I use PostgreSQL. When I had to make a decision as to which server to use (a bit more than 20 years ago) there were very few choices unless you were prepared to slap a lot of money on the table and have IBM (or whoever) dictate to you what sort of hardware you had to be running.

Before that I had been involved in the sales/support of various database systems implemented as libraries (and sometimes, in the case of DOS, as TSRs) but all of them- without exception- were very wary of multiuser operation.

Between those points there were things like Borland Paradox, which tried to implement its own locking but would fairly regularly have problems. And- obviously- MS Access which is regularly maligned for its flakiness particularly when multiple users are involved.
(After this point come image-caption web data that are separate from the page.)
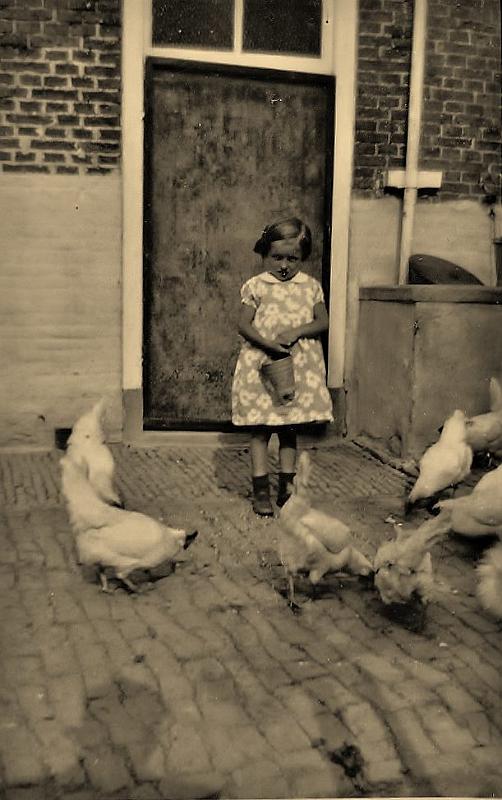 Personalia-Ritthem-2357.jpg - Laurien Cevaal voor oude boerderij in de Rammekensweg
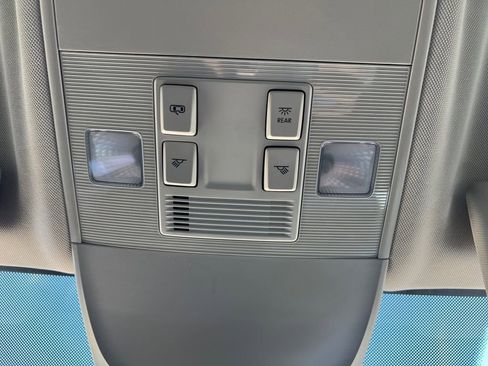 Used 2025 Volkswagen Taos S image 28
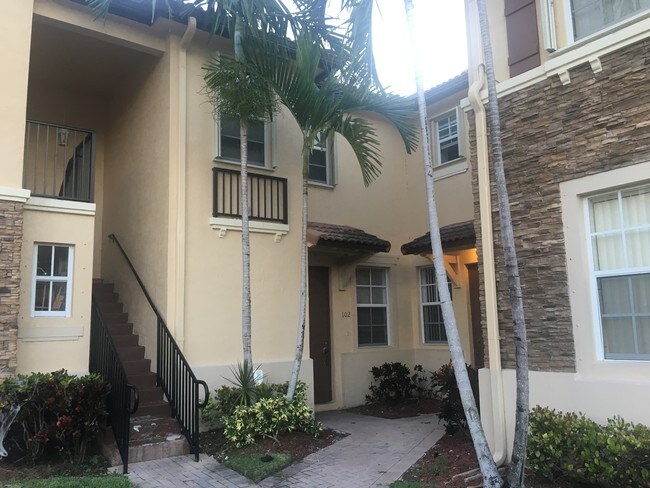 Primary Photo - 1398 NE 33rd Ave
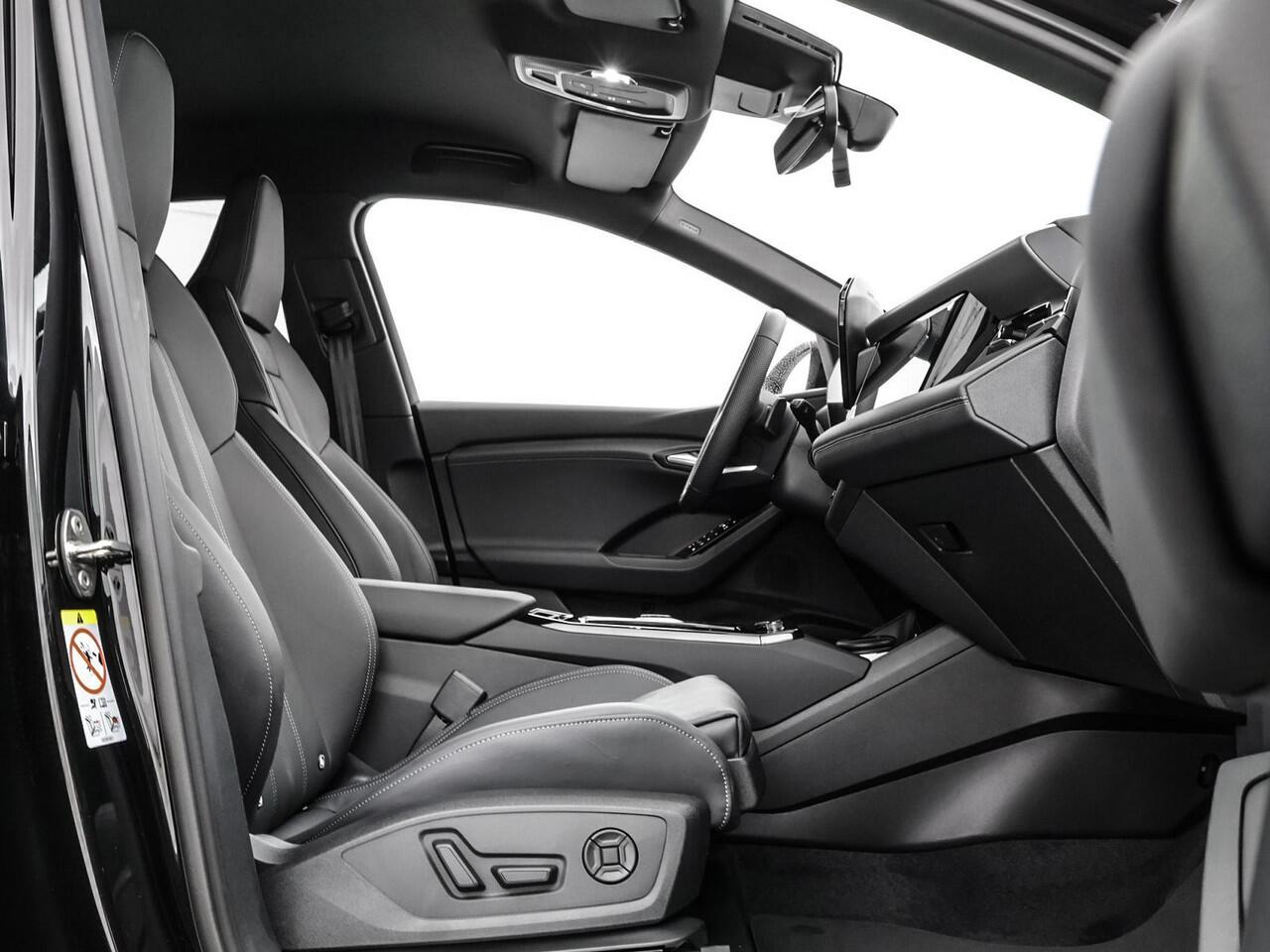 Audi Q6 e-tron S edition 252 PK · Tech pro · Stoelventilatie voorin · Trekhaak, mechanisch draaibaar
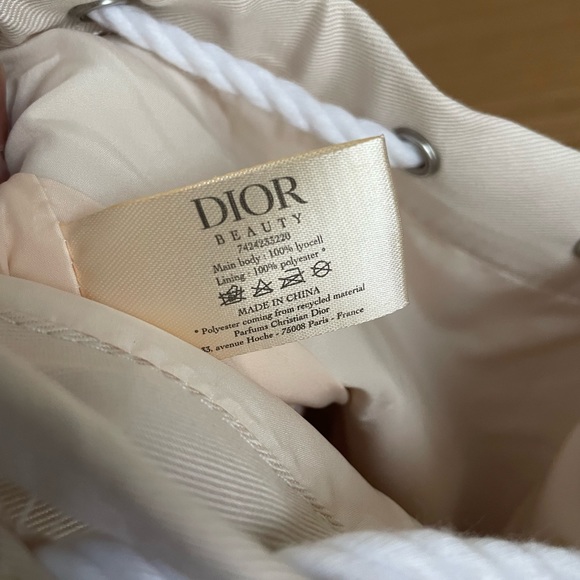 NEW Beige Dior Embroidered Drawstring Pouch with Box - Picture 6 of 8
I remember somebody saying that SQLite did have locking capabilities, and if that's the case then it /might/ be OK. However whatever anybody says in that sort of situation you're "trying to prove a negative": running it in a situation for which it's not been designed, and while most of the time it might be OK you have absolutely no way of knowing whether you're about to hit something which will make it fall over.

Single-write-multiple-read /should/ be OK, but a "real" server has lots of provision for transaction isolation which I bet something like SQLite doesn't bother with: can you be absolutely certain that a part-updated table will never be read?

As an absolute minimal precaution I think I'd try to implement some sort of application level token, so that one designated system can be started with write access and none of the others can claim that privilege. You /should/ get away with it... but even if you're talking for something for home use you'd better document that that protection must never under any circumstances be relaxed: I'm sure that everybody here has seen a cash-strapped business looking for ways to bodge things and having somebody comment out the single-write restriction is definitely not something you want to happen.